METHODS:Recanalization was performed on the 3rd day after MCAO. BBB disruption was tested by Western blotting, Evans blue dye, and immunofluorescence staining. Infarct volume and neurological outcomes were evaluated on the 7th day after MCAO. The expression of fibroblast growth factor 21 (FGF21), fibroblast growth factor receptor 1 (FGFR1), phosphatidylinositol-3-kinase (PI3K), and serine/threonine kinase (Akt) in the penumbra were observed by immunofluorescence staining and/or Western blotting.
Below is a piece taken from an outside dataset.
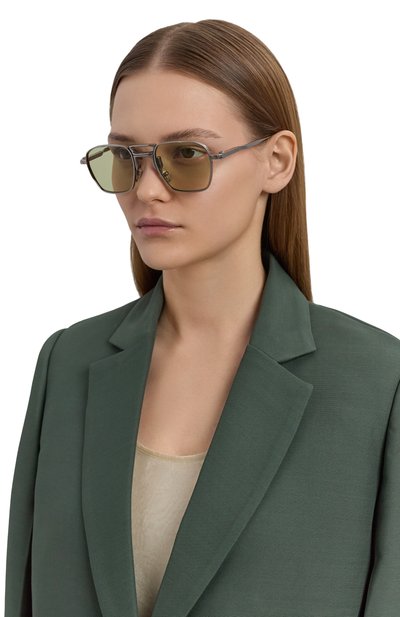 Солнцезащитные очки MOVITRA зеленого цвета по цене 97000 руб., арт. APEX 07-C2, фото 3 Солнцезащитные очки MOVITRA, арт. APEX 07-C2, фото 3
RESULTS:The extraversion of Evans blue, IgG, and albumin increased surrounding ischemic core after MCAO, but significantly decreased after recanalization. The expression of Claudin-5, Occludin, and zona occludens 1 (ZO-1) decreased surrounding ischemic core after MCAO, but significantly increased after recanalization. Infarct volume reduced and neurological outcomes improved following recanalization (on the 7th day after MCAO). The expressions of Claudin-5, Occludin, and ZO-1 decreased surrounding ischemic core following MCAO, which were up-regulated corresponding to the increases of FGF21, p-FGFR1, PI3K, and p-Akt after recanalization. Intra-cerebroventricular injection of FGFR1 inhibitor SU5402 down-regulated the expression of PI3K, p-Akt, Occludin, Claudin-5, and ZO-1 in the penumbra, which weakened the beneficial effects of recanalization on neurological outcomes after MCAO.
CONCLUSIONS:Delayed recanalization on the 3rd day after MCAO increases endogenous FGF21 in the penumbra and activates FGFR1/PI3K/Akt pathway, which attenuates BBB disruption in the penumbra and improves neurobehavior in MCAO rats.